In terms of upside, we've got a lot of that. Serious target pipeline at both projects, and we've actually got a heap of drilled mineralization that isn't even sitting in the resources at the moment. Balance sheet, AUD 41 million. Again, most juniors would die to have that balance sheet. So we're really well funded. We don't need to raise capital. We don't need to dilute anyone. In terms of a team, we've got a great quality board, really strong technically, a lot of experience, a real strong track record in delivering value, making discoveries and pushing these projects through the development cycle and commercializing those discoveries as well. We believe Strickland offers a lot of value, so currently valued at about AUD 20 enterprise value per ounce gold-equivalent, and we have great leverage to both resource growth in the near term and obviously the gold price as well.

Location. Both of our assets are in mining jurisdictions. So in Serbia, we have an operating mine just four km away from our main deposit. And obviously, in Western Australia, we have the Jundee mine, which is owned by Northern Star, which is roughly 50 km from our deposits. And then there's Catalyst. So over the next 12 months, we're going to see a lot of news flow. We've obviously been putting out a lot of results since July. We were in the midst of an 80,000 m resource and exploration program across Serbia and WA. We'll have several resource upgrades over the next 12 months, and we really believe that over the next 12 months, the market and our investors will really start to see the value in this company. Okay, just a little bit corporately, you can see the board there led by Anthony McClure as Chairman.

He's got a long career in this space, a lot of success, as I said, discovery and delivery of major assets and commercializing those assets. Everyone on that board is actually a geologist. So even Trent, our CFO, has a background in geology. So very strong technically. At the project level, we have first-class teams, both at our Serbian project and Western Australian project. In terms of the corporate structure, a bit over 2.2 billion shares on issue. Current market cap is about 160 million. The top 20 shareholders have about 51% of the company. The top 50 shareholders have about 70% of the company. So it's quite tightly held at the top. And at the moment, we've got a real focus on trying to get more new investors in, including a lot of institutional investors. Okay, we'll start with the Rogozna project first.

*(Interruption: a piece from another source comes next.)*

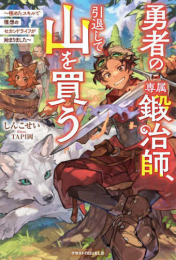 [ライトノベル]勇者の専属鍛冶師、引退して山を買う〜極めたスキルで理想のセカンドライフが始まりました〜 (全1冊)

We get asked a lot, what's Serbia like to operate and why Serbia? So I first went to Serbia in 2019 to actually conduct due diligence on this project. What I found was really a great place to operate. I've worked all over the world for the last 20 years, and certainly Serbia is one of the better places I've operated. It's actually an established mining industry. A lot of Australian investors don't know that, but following the recent development of the Čukaru Peki mine by Zijin, Serbia is now currently Europe's second-largest copper producer. So it's actually got a long history of mining in Serbia, primarily in two districts. In the east, the Bor District, which is a whole heap of copper-gold porphyry deposits, and then the historic Trepča District, which is where we're located, which is historically one of Europe's largest zinc-lead silver mining districts.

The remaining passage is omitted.